TYPO3 on AWS - Scalability and Performance
Basic Issue
In the previous articles, I discussed the benefits of AWS and outlined the key migration strategies. I also provided an overview of security in the context of AWS. Once the infrastructure has been defined and all relevant security aspects have been taken into account, further adjustments to TYPO3 may be necessary. This is especially true if you want to automatically scale the Web servers and ensure optimum performance. Since TYPO3 is not cloud-ready by default, a number of precautions and modifications must be taken prior to the migration.
Architecture
The starting point for the following considerations is our previously featured AWS infrastructure from the second part of my series of articles (which can be found at this link). This AWS environment consists of two availability zones and several services: the core of the environment is the EC2 autoscaling group, which ensures the resiliency and high availability of the front-end. In addition, most components are redundant (database, redis). The TYPO3 must be adapted with regard to the infrastructure, especially the redundant web servers.
Adjustments in TYPO3
In our experience, the TYPO3 temp files cause the most problems in a multi-server setup. The typo3temp/ folder (or var/ folder, depending on whether there is a composer or non-composer-installation) contains both files that are important for the local cache and files that are shared between the EC2 instances and should therefore not be stored locally on an instance.

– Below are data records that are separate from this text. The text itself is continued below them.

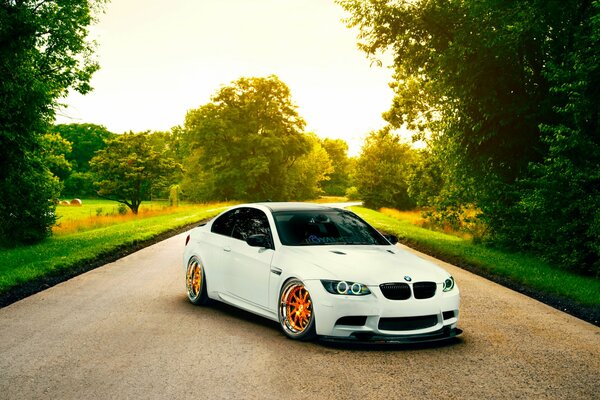 BMW blanco en el parque verde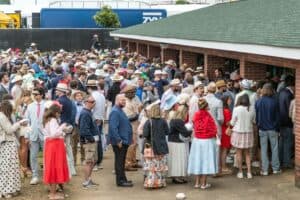 Horse racing punters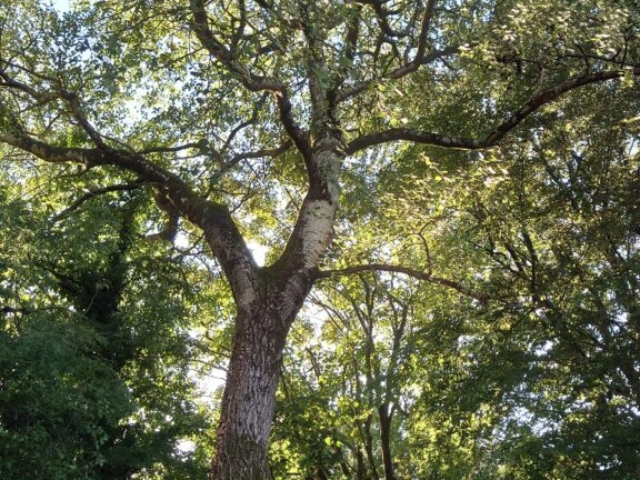 Large Poplar Prior to Removal Tree Surgery Devon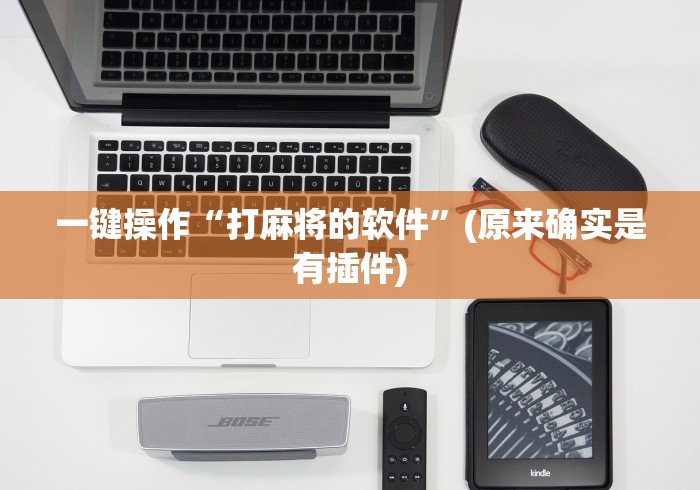 一键操作“打麻将的软件	”(原来确实是有插件)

The latter can cause data inconsistencies between the instances, so TYPO3 works optimally only on the instance where the temp files are stored locally.
A plausible solution would be to outsource these files to your Shared-Storage (NFS/EFS). However, the disadvantage of the NFS/EFS is that performance suffers at high load. NFS/EFS IOPS is based on the size of the storage volume (for example, for AWS, for GP2 volumes, the IOPS is 300 per 100 GB). Too many accesses can quickly deplete the volume's IOPS. In addition, access to shared storage involves a slight network latency, which is noticeable at a high request volume on the TYPO3. For these reasons, the cache can be significantly slowed down and thus no longer serves its purpose.

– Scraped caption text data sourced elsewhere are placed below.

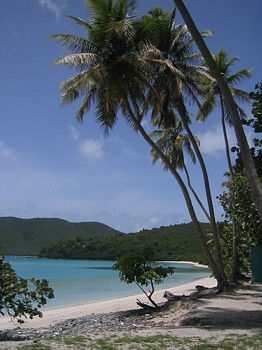 Maho Bay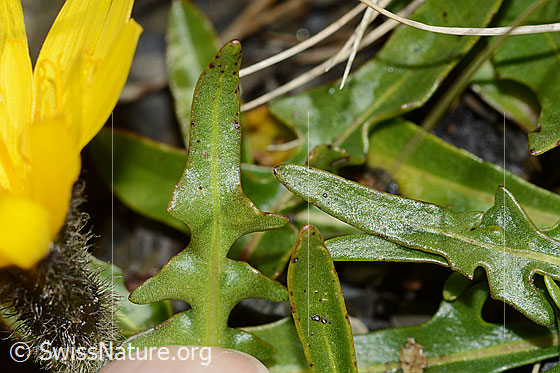 Foto: Wahrscheinlich Berg-Milchkraut (Leontodon montanus). Blattunterseite.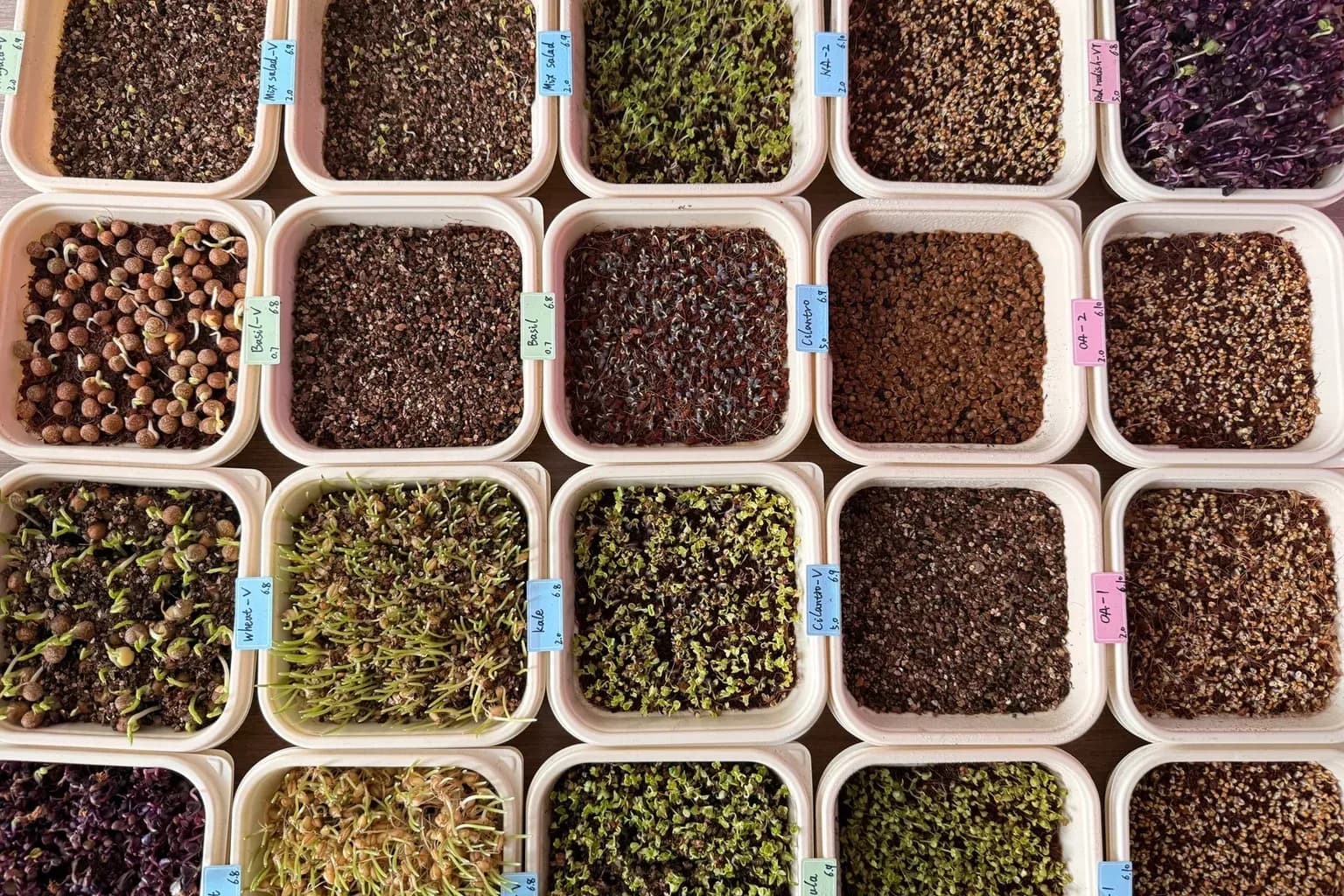 What Are Microgreens? A Complete Beginner’s Guide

It is therefore a good idea to store everything that does not need to be shared locally so that the problems mentioned do not arise. Nevertheless, in a multi-server setup, dynamic files must be stored in a shared storage. This includes, for example, the images in the typo3temp/assets/folder and the fileadmin/ directory . Static files in directories such as typo3conf/ext/ or typo3conf/l10n/ can be deployed on all nodes. The file admin, to give another example, contains images and files that are within the so-called “editor realm”, that is to say, files that all instances must access. An identical data material on all EC2 instances is required here.

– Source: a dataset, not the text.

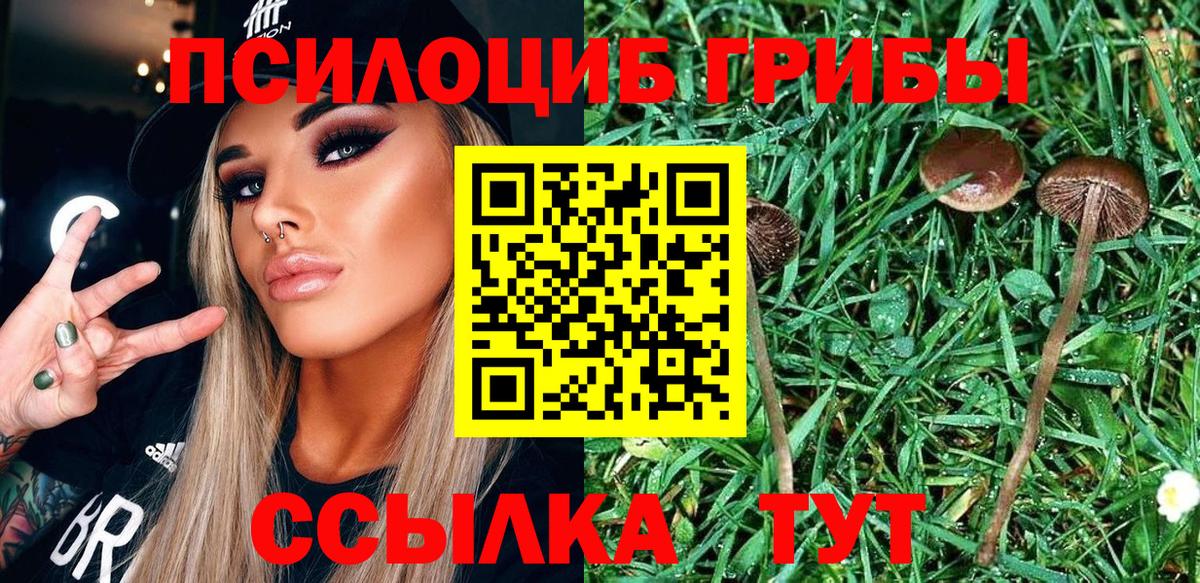 Псилоцибиновые грибы Magic Shrooms  Вход с VPN  Алушта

By virtue of making necessary files available on a NFS/EFS, one could assume that everything is prepared for scaling. However, you should make sure that only the necessary dynamic files have been stored on a NFS/EFS. I give you an example of how not to do it based on log files: If the log files are on the EFS, only one server can access them at a time, not multiple servers at the same time. Rather, a log file is written through one server and only then can the next server access it to avoid data inconsistencies. As a result, the fastest server can log first. In the worst case, this can cause the log file to add the log message of less busy servers first, even though they became active later. Here is an illustrative example:
Server 1 gets Request 10:53 and is under heavy load
Server 2 gets Request 10:54 and has no load
Log file in the worst case:
10:51 Logmessage: all good
10:52 Logmessage: all good
10:54 Logmessage from Server 2
10:53 Logmessage from Server 1
Logs should therefore be offloaded to a different storage, such as ELS or graylog. At root360 we store all logs on a separate EBS-Volume which is attached to a separate Bastion Host.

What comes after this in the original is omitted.